* **Problem**
Copy each record exactly as it reads, leaving out any pictures it holds.

* **Given records**
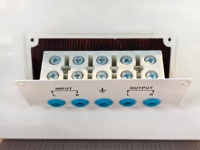 Régulateur de tension monophasé AC 5 kVA à réponse rapide avec tension d'entrée/sortie personnalisée 50 Hz, industriel pour dispositifs médicaux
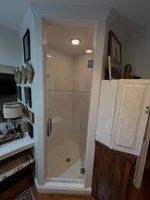 Porte de douche de luxe sans cadre, panneau unique, finition chromée, design moderne et élégant, utilisation hôtelière, ouverture à charnière, rectangulaire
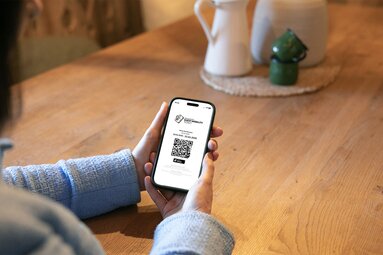 Person hält ein Smartphone mit digitalem Guest Mobility Ticket und QR-Code in den Händen. | © Salzburger Verkehrsverbund GmbH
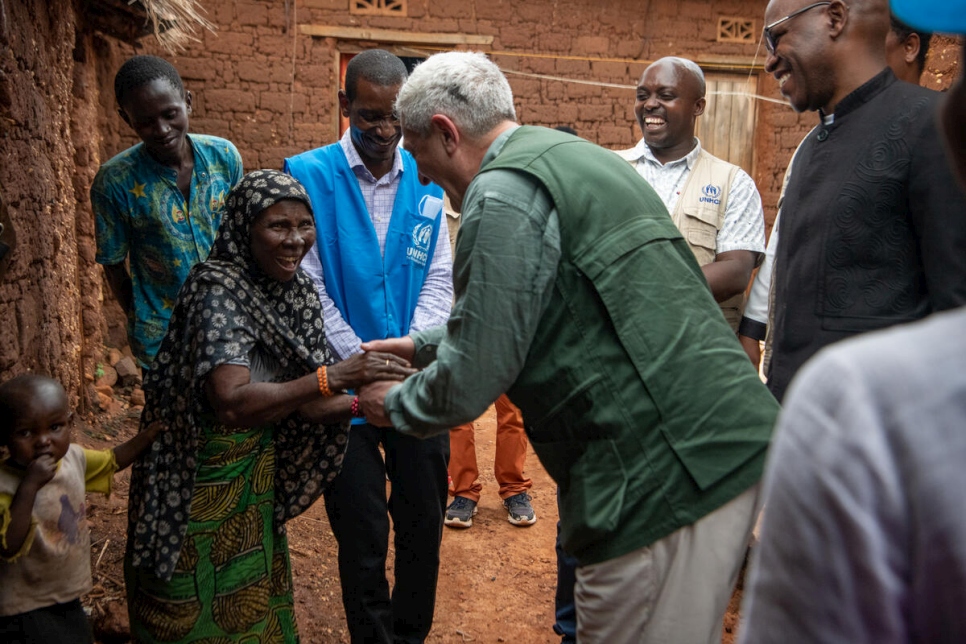 Burundi. UNHCR's Grandi lauds progress in Burundian refugee returns, urges more support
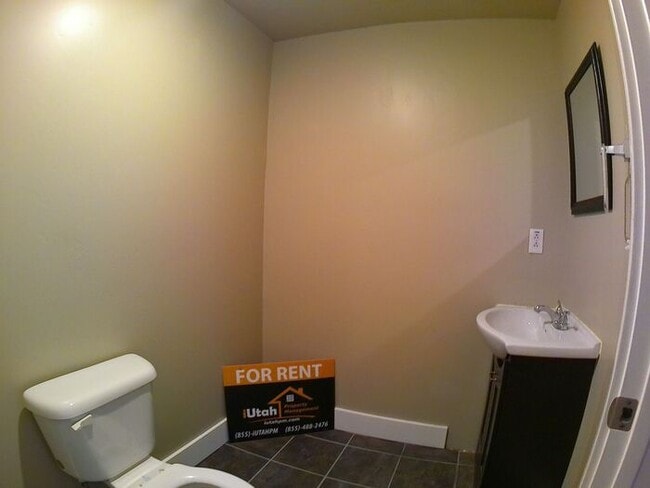 Building Photo - 3 bdrm 2 1/2 bth TownHome 2 Car Garage-Dog...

* **Solution to the problem**
 Régulateur de tension monophasé AC 5 kVA à réponse rapide avec tension d'entrée/sortie personnalisée 50 Hz, industriel pour dispositifs médicaux
 Porte de douche de luxe sans cadre, panneau unique, finition chromée, design moderne et élégant, utilisation hôtelière, ouverture à charnière, rectangulaire
 Person hält ein Smartphone mit digitalem Guest Mobility Ticket und QR-Code in den Händen. | © Salzburger Verkehrsverbund GmbH
 Burundi. UNHCR's Grandi lauds progress in Burundian refugee returns, urges more support
 Building Photo - 3 bdrm 2 1/2 bth TownHome 2 Car Garage-Dog...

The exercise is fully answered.